We did, however, detect a significant improvement in operative parameters with increased surgeon experience. Total cardiopulmonary bypass, aortic cross-clamp, and deep hypothermic circulatory arrest times steadily shortened from T1 to T3, and these differences were statistically significant (Table 2). Total cardiopulmonary bypass time decreased from a mean of 198 min to 159 min (p < 0.001) from T1 to T3, and total deep hypothermic circulatory arrest time decreased from a mean of 44 min to 31 min (p < 0.001). In order to further illustrate a learning curve of PTE, Fig. 1 depicts a CUSUM plot of deep hypothermic circulatory arrest times over 134 cases as compared to the mean value. Interestingly, two inflection points are seen in this curve at 22 and 95 cases. The first inflection point at 22 cases suggests a threshold of transitioning from novice to intermediate with PTE, as arrest times begin to trend downward thereafter. After the second inflection point at 95 cases, arrest times plummet even more steeply, indicating a threshold of attaining advanced expertise in clearing obstructed pulmonary arteries.

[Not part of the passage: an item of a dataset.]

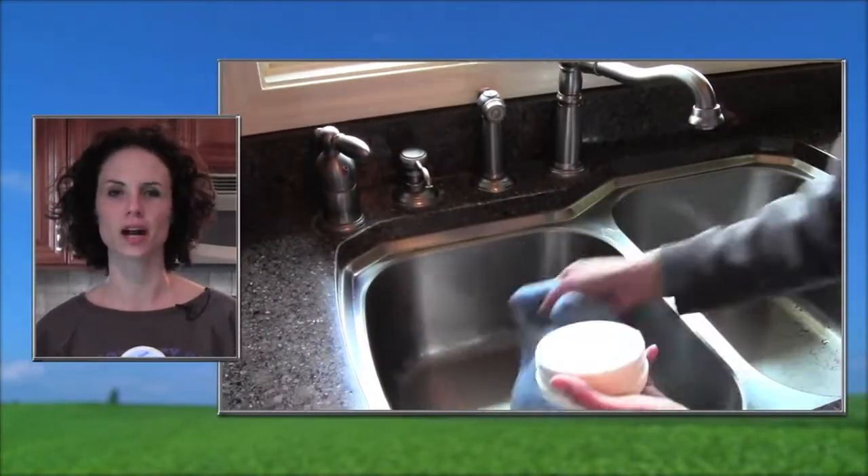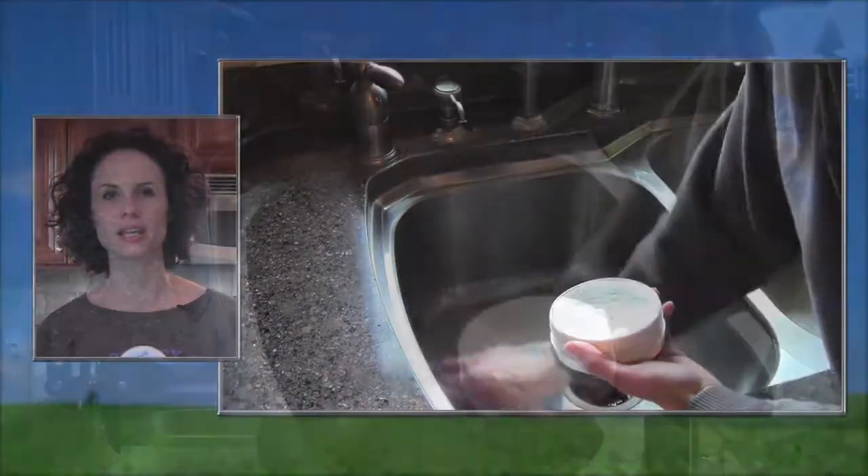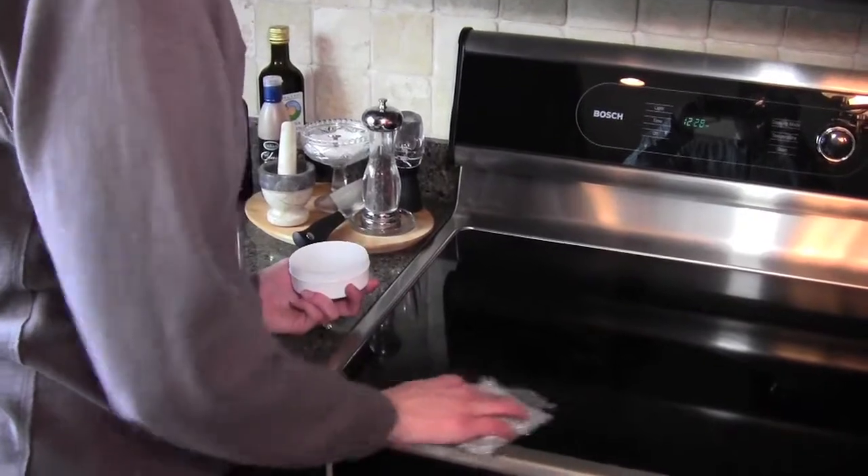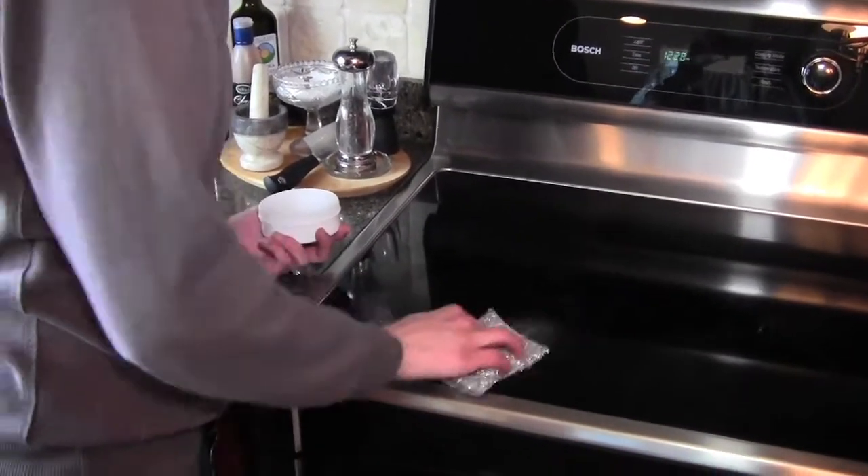I like it because it's awesome on scouring out your stainless steel sinks and taking care of soap scum and baked on dirt, grease, and grime. Lots of customers love it for their flat top stoves, but always test an inconspicuous area before you start cleaning with cleaning paste.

All complex procedures are associated with a learning curve for surgeons, and PTE is among one of the more technically demanding operations in cardiothoracic surgery. It is undoubtedly a challenging procedure to learn, and our experience demonstrates that favorable outcomes can be achieved in the setting of a dedicated multi-disciplinary team of pulmonologists, surgeons, and intensivists working in concert to select appropriate patients, improve operative efficiency, and provide meticulous postoperative care. Accurate diagnosis of CTEPH and recognition of patients with disease amenable to surgical intervention are the first steps, and having the benefit of an expert pulmonologist in CTEPH as part of our team has greatly facilitated evaluation and subsequent referral of excellent surgical candidates. The other key components included the involvement of two senior-level cardiothoracic surgeons on each case, and 24-h coverage of our cardiothoracic surgery ICU by a certified intensivist. Even early in our program’s existence, we were able to obtain adequate clearance of obstructed pulmonary arteries with significant postoperative hemodynamic improvements, despite much longer operative and circulatory arrest times. However, overall morbidity and mortality were not adversely affected during the initial phases of building our program, as there were no early deaths in our first 44 cases.

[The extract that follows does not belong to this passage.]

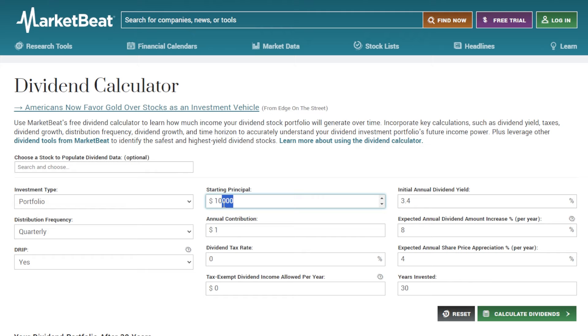I want to show you exactly how an investor investing just $10,000 could turn that into much greater than $10,000 per year in dividends. In the dividend calculator, we have a starting principal of $10,000. We're going to use a 3.4% initial annual dividend yield, which is around where SCHD currently offers. On top of that, an expected annual dividend increase of around 8% and expected annual share price appreciation of 4%. Distribution frequency will be quarterly and dividend reinvestment, or DRIP, will be turned on — meaning all dividends paid along the way will be reinvested into the portfolio, creating a massive compounding effect alongside consistent dividend growth.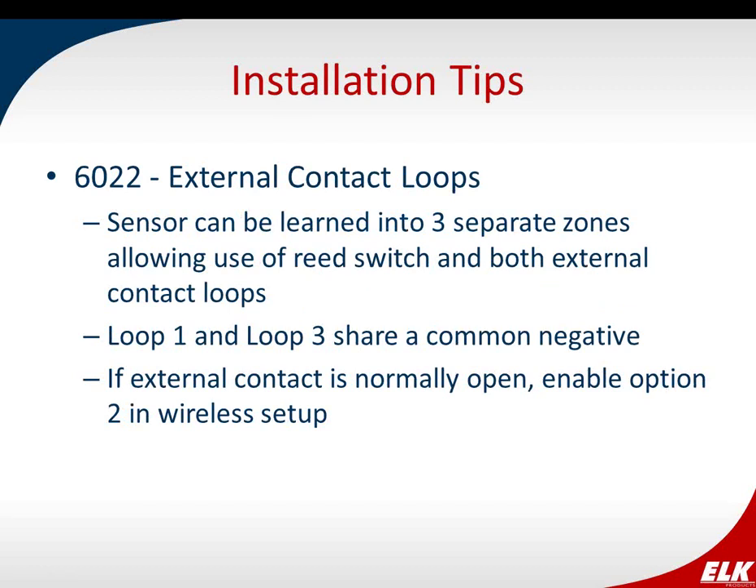On the 6022 universal sensor, the sensor ID can be learned into three different zones: one zone as the reed switch set to loop 2, one zone as loop 1 for an external contact, and another as loop 3 for an external contact — up to three zones in total. Loop 1 and loop 3 share a common negative, giving you three screw terminals inside. The external contact is set up normally closed by default; to make it normally open, you enable option 2 in wireless setup.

As we would expect, our learning curve suggests that operative efficiency is greatly enhanced with increasing case numbers. According to Fig. 1, approximately 20 cases are needed for a surgeon to become proficient at reliably recognizing and dissecting the thromboendarterectomy plane during circulatory arrest, while nearly 100 cases are needed to demonstrate mastery. To our knowledge, no other high volume center has described a learning curve for this procedure. The main limitation of our study is the fact that we have described the learning curve of a single team of providers at a single institution based on a retrospective analysis. We believe that the fundamental tenets that allowed us to successfully build our program, however, can be generalized and may prove useful to other programs early on in their trajectory. Surgical treatment of patients with CTEPH remains largely focused at regional centers of excellence at this time. As of 2013, only approximately 30 centers worldwide offered PTE surgery, and over half of cases were performed at the highest volume program at UCSD [14]. As CTEPH appears to be gaining prevalence in the U.S. and the limits of surgically curable disease are expanding [15‐17], the need for more widespread access to PTE surgery is surely to arise in the future.

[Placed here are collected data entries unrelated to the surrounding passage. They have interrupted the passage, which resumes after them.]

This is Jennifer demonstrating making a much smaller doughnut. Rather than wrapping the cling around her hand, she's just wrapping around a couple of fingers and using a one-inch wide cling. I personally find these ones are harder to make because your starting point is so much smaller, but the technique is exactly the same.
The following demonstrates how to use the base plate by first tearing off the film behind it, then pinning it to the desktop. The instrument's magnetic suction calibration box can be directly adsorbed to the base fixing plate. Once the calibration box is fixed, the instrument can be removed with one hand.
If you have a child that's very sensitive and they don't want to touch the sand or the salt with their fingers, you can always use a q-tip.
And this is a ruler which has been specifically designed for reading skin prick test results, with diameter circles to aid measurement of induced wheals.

In summary, our experience offers other centers which aspire to build a multi-disciplinary program to treat CTEPH a road-map on how to achieve this goal. We conclude that adopting a team-based approach with an emphasis on proper patient selection and adequate surgical clearance of obstructed pulmonary arteries can lead to favorable outcomes from the outset. Operative expediency is largely a function of case volume, and may be less critical with respect to influencing surgical and hemodynamic outcomes.